If you're going to call the role something ... call it Gardener.

Sunday, July 27, 2014

When strategy makes me sad ...

Many years ago, I was CEO of a Canon subsidiary (between 2003 to 2007 having formerly been the CIO). Under my stewardship this profitable SME had developed the first PaaS (2005), an internal private IaaS (2003) and was involved in technology from the use of mobiles phones as cameras to 3D printing to online photo storage to ... well, there was a long list. There was an awful lot of future industry that Canon was poised to have a shot at owning.

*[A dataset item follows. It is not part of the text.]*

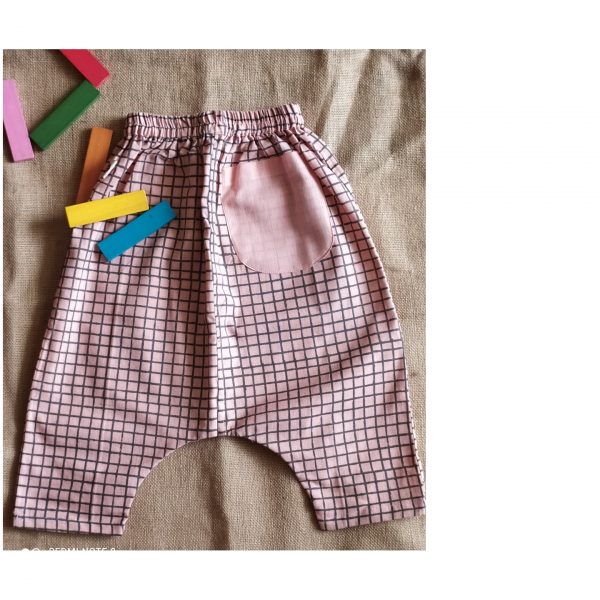 Turkish Pant - Image 3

However, these and a host of other capabilities including arguably one of the finest development teams in the world were all lost when the parent company decided to focus on 3D televisions, remove its European R&D capability and outsource all our services. Many of the areas of technology that I've subsequently been involved in over the years - from Cloud to Devops to Gov to Mapping - were strongly influenced by that group in Old Street, London. Of course, this was when Old Street was barren of technology companies bar that one troublesome, open source focused, hack day driven, agile company - Fotango.

So, what makes me sad? This report on "Canon Inc. Corporate Strategy Conference 2014". You see, I still have some fond memories of Canon and this report is disturbing reading.

First, the language is weak throughout - "Creating Outstanding Hit Products", "Concentrate on Technological Themes that will Lead the Way to the Future", "Develop game-changing products", "Capture needs of people that desire to take even better pictures" and "Secure overwhelming advantage" are more cries for help than actionable insight. The elements on developing a sales network in emerging markets reinforce this and seem to be one of those epic fails of sensible CEOs.

There are some good bits here, DNA diagnosis to immersive tech to PLED tech are all interesting spaces. It's also finally good to see 3D printing make a mention but given that I wrote my first report on 3D printing technology for Canon in 2003, it's over a decade late.  However, despite the good bits there is no obvious coherence to this. It's more a 'nice story' than a surgical strike.

I do worry about Canon. Substitution effects of smart phones, liquid lenses and other changes heading their way are going to be harsh. I met Fujio Mitarai all those years ago on the Canon Corporate Executive development program (Oct 2003) and immediately got into a warm discussion over the future of 3D printing etc. He is a really interesting person to talk to, a pleasant chap but I do fear for their future. I imagine it's going to be a tough old decade for them.

How to navigate without a map?

People often talk about competition between companies as being like playing a game of chess. Unfortunately it's a game of chess in which few are able to see the board i.e. the landscape that an organisation operates within. For the last decade, I've been using a mapping technique to describe competitive environments and exploited them accordingly.

But what if you don't have a map? What if all you have are box and wire diagrams like IT systems or business process diagrams? Well, without a map then the most common technique for strategy appears to be copy others (i.e. backward causality). Without a map, the most common technique for describing such a strategy is story telling.

There's actually a lot of precedents in the physical world. Before people had maps they often described the routes of long journeys through story telling. A recent example of this to come to light is the use of astronomical markers in Aboriginal songs.

So, how do you navigate without a map? Well, you tell a story.